* **WHAT THE TASK ASKS**:
Give the data again exactly, without images.

* **RECORD EXCERPTS**:
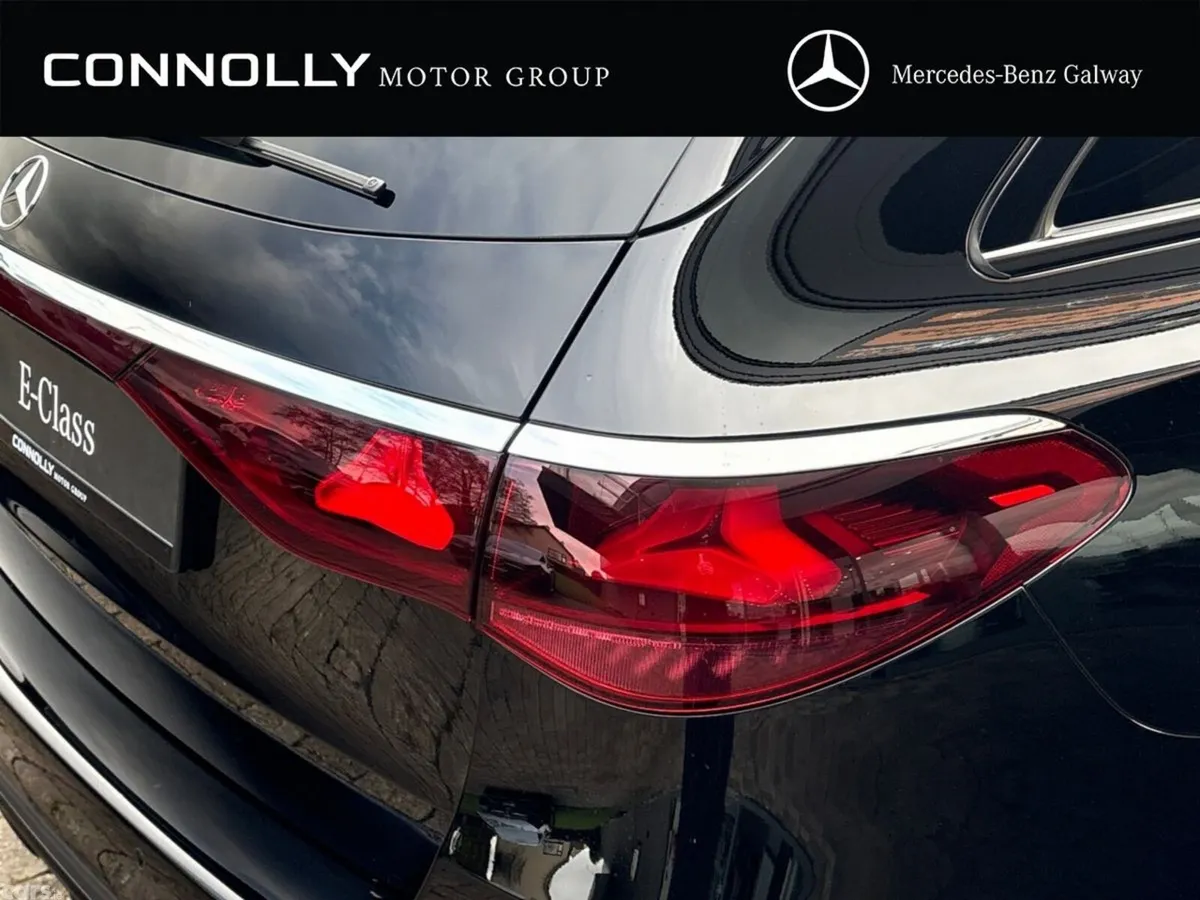 Mercedes-Benz E-Class Estate, Diesel Plug-in Hybrid, 2026, Black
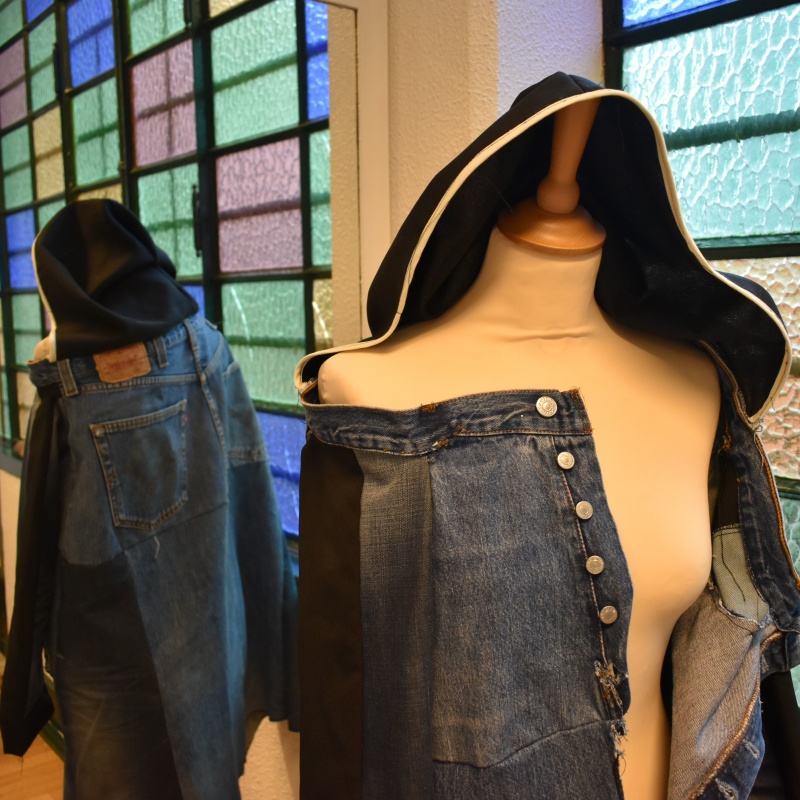 Workshop de transformaÃ§Ã£o de roupa
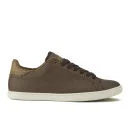 Jack & Jones Men's Brooklyn PU Trainers - Brown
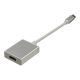 Type-C to HDMI white adapter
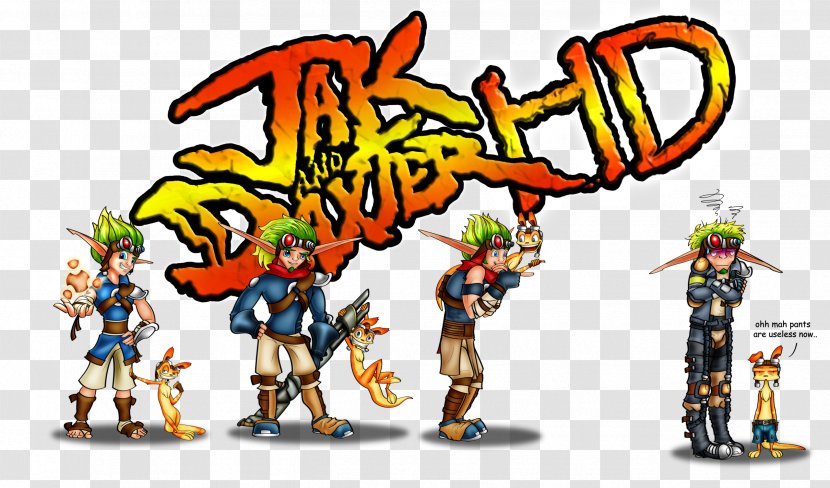 Jak And Daxter: The Precursor Legacy II Daxter Collection Lost Frontier - Video Game - Last Of Us Transparent PNG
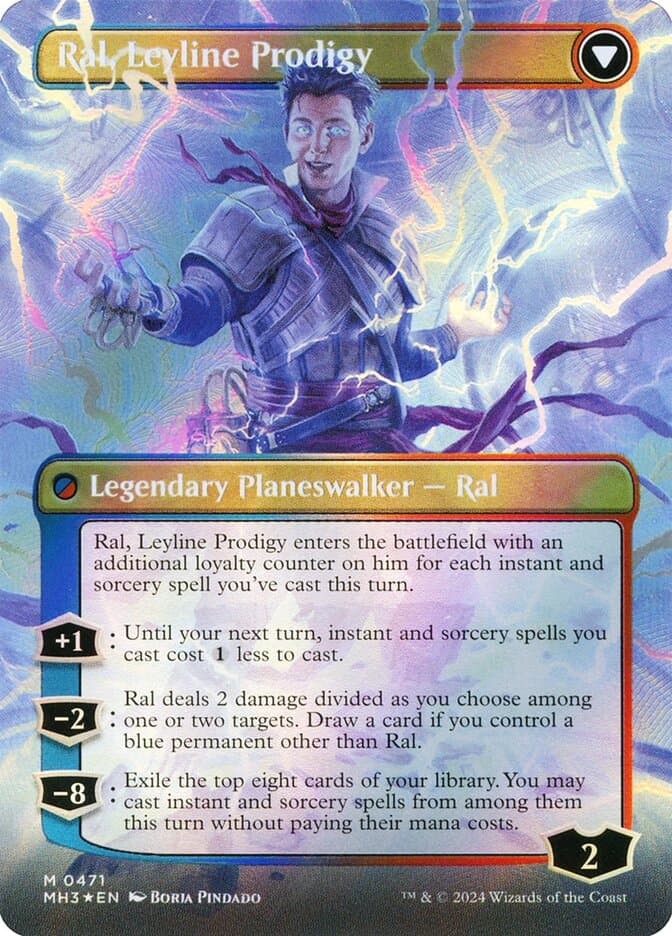 Ral, Monsoon Mage // Ral, Leyline Prodigy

* **RESPONSE AREA**:
 Mercedes-Benz E-Class Estate, Diesel Plug-in Hybrid, 2026, Black
 Workshop de transformaÃ§Ã£o de roupa
 Jack & Jones Men's Brooklyn PU Trainers - Brown
 Type-C to HDMI white adapter
 Jak And Daxter: The Precursor Legacy II Daxter Collection Lost Frontier - Video Game - Last Of Us Transparent PNG
 Ral, Monsoon Mage // Ral, Leyline Prodigy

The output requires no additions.